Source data
[Start of Attachment]

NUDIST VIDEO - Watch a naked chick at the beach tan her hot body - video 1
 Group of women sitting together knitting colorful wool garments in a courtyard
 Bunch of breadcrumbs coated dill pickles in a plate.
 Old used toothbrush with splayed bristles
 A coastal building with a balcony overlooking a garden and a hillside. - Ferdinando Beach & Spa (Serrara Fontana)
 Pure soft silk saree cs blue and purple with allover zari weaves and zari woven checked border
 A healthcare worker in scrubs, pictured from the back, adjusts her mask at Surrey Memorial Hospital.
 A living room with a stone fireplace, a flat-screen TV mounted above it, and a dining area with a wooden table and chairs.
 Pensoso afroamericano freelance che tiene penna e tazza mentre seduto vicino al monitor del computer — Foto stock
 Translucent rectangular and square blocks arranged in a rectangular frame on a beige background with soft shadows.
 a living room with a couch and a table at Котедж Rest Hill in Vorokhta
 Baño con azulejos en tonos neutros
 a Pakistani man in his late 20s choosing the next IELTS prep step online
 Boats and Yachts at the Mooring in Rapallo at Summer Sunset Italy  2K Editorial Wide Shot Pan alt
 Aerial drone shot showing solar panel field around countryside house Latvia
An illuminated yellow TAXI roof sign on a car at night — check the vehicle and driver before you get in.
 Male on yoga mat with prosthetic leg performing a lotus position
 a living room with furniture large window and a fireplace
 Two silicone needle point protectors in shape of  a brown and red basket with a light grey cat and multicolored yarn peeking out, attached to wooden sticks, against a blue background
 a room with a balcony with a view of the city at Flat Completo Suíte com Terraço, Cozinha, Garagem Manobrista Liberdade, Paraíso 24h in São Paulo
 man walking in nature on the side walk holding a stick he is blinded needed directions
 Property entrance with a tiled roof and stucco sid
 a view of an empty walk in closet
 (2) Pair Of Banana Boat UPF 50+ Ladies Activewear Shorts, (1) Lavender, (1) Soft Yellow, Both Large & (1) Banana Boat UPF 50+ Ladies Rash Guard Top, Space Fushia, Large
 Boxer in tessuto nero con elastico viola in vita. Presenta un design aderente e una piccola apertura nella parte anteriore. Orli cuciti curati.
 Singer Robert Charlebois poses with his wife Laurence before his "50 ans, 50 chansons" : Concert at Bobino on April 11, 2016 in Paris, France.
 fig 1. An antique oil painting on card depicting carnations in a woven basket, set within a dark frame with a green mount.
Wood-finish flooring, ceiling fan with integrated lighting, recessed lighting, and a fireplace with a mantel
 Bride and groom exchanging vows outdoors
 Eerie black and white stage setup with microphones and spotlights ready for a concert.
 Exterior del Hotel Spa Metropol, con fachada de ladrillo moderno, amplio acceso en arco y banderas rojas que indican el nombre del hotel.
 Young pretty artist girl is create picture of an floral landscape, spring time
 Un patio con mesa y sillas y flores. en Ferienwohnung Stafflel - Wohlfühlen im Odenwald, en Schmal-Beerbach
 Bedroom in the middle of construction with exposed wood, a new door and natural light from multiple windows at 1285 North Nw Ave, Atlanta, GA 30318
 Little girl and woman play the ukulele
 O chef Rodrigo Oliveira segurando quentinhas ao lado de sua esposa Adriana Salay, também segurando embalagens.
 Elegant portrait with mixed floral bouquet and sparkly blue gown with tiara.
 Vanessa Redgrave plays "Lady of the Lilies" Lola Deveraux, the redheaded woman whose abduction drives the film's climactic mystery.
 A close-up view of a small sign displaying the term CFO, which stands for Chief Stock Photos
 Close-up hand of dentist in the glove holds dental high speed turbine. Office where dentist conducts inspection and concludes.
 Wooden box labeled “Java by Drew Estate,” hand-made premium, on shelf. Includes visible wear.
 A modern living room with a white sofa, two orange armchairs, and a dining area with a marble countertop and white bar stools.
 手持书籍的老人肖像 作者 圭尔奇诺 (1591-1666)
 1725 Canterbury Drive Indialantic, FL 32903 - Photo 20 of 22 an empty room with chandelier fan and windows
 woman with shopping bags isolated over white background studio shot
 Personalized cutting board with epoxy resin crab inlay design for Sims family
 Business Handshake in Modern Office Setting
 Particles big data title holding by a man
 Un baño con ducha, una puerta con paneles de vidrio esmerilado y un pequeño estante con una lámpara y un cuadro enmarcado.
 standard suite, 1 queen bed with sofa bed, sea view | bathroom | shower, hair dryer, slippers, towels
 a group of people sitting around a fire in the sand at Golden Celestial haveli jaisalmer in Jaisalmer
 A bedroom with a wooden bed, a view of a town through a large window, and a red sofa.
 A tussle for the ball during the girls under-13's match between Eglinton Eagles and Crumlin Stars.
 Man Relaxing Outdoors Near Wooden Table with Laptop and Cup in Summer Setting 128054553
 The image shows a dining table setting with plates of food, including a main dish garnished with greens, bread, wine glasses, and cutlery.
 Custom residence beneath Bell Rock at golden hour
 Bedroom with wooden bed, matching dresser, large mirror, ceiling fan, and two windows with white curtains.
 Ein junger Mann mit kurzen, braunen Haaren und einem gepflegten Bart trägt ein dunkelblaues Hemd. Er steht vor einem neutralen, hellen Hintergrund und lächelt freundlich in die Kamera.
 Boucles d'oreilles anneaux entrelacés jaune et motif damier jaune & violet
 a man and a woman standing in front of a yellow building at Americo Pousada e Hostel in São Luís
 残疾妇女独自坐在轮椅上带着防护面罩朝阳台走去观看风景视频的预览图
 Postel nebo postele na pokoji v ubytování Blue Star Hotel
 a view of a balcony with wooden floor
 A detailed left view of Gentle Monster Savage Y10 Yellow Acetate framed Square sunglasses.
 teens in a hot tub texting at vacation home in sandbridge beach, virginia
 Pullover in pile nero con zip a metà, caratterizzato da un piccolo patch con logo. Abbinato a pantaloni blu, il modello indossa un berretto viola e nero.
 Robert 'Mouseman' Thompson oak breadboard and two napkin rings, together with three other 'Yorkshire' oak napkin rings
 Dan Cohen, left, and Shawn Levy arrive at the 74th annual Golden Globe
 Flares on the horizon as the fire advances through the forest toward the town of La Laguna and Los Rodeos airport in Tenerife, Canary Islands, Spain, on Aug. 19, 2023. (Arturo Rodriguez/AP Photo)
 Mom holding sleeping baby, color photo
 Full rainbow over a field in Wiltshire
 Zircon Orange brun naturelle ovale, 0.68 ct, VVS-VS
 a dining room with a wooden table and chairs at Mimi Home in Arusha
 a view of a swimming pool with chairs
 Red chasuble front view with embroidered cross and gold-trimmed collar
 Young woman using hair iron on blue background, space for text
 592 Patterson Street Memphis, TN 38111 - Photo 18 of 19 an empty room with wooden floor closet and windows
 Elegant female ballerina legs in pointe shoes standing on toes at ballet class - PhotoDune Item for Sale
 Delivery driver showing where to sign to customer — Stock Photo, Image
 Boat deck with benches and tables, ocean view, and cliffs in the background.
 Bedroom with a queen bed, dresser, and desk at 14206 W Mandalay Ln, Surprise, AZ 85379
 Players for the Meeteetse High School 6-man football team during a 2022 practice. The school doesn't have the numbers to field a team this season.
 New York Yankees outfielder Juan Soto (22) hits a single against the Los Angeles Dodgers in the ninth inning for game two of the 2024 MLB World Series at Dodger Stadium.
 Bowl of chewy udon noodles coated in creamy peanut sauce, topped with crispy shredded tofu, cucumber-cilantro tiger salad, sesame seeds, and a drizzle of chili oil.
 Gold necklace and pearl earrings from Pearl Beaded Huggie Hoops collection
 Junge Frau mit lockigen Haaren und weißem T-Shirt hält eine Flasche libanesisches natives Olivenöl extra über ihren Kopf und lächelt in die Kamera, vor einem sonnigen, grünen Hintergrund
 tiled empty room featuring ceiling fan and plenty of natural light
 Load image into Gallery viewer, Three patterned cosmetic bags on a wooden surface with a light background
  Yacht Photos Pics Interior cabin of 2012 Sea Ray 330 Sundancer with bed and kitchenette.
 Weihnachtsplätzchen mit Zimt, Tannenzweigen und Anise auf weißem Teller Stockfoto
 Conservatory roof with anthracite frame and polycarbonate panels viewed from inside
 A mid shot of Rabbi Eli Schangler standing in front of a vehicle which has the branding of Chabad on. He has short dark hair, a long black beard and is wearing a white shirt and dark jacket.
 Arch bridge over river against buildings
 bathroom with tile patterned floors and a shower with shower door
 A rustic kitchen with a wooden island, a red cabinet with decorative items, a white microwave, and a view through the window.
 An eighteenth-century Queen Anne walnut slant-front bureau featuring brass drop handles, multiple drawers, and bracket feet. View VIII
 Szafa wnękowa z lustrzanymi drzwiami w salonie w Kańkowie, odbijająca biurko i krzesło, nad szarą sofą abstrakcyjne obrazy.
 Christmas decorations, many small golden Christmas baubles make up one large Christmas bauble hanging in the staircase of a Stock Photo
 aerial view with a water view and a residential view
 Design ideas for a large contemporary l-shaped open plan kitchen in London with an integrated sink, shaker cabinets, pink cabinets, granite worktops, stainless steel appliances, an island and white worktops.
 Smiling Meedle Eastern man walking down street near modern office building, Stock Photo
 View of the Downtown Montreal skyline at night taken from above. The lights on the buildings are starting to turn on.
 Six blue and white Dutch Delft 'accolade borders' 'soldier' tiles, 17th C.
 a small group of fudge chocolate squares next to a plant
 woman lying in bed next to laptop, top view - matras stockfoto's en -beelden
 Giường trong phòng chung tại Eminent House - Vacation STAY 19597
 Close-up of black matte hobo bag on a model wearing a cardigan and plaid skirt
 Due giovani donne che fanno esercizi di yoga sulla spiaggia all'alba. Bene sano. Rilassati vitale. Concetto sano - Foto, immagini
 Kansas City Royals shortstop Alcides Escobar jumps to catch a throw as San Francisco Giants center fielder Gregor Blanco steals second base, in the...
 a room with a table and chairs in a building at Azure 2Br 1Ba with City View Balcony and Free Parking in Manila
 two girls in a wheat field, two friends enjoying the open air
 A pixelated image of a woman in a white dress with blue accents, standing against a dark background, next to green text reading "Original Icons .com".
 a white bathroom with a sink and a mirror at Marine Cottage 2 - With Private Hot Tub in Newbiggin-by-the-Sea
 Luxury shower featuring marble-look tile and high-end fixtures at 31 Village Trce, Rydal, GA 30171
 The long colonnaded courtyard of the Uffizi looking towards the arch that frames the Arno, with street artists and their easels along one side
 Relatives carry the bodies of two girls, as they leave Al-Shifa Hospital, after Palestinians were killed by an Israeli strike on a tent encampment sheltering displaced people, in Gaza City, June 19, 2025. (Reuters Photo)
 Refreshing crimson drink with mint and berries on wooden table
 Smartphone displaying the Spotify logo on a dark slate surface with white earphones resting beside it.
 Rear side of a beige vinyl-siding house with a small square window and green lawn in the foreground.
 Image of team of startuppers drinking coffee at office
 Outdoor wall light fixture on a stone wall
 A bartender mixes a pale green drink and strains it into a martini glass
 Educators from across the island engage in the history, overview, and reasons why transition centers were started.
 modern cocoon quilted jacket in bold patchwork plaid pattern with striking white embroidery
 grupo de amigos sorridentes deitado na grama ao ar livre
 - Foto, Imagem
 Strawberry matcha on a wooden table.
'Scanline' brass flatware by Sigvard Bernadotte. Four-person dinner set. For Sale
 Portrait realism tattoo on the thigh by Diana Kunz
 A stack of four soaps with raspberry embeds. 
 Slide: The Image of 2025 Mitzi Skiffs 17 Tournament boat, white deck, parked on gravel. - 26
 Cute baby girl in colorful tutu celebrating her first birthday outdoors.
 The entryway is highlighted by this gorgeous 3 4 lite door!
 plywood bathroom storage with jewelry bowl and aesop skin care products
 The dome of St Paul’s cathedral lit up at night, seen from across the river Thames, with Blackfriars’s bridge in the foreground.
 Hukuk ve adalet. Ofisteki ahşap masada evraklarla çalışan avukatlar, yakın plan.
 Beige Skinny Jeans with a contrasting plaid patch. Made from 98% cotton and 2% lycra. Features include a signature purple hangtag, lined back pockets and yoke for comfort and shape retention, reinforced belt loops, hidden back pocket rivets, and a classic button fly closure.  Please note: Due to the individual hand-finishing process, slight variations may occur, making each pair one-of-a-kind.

[End of Attachment]

Brief
From the records above, extract exactly and only the lines that begin at the line with "An illuminated yellow" and stop after the line with "Two silicone needle".

Solution for this problem
An illuminated yellow TAXI roof sign on a car at night — check the vehicle and driver before you get in.
 Male on yoga mat with prosthetic leg performing a lotus position
 a living room with furniture large window and a fireplace
 Two silicone needle point protectors in shape of  a brown and red basket with a light grey cat and multicolored yarn peeking out, attached to wooden sticks, against a blue background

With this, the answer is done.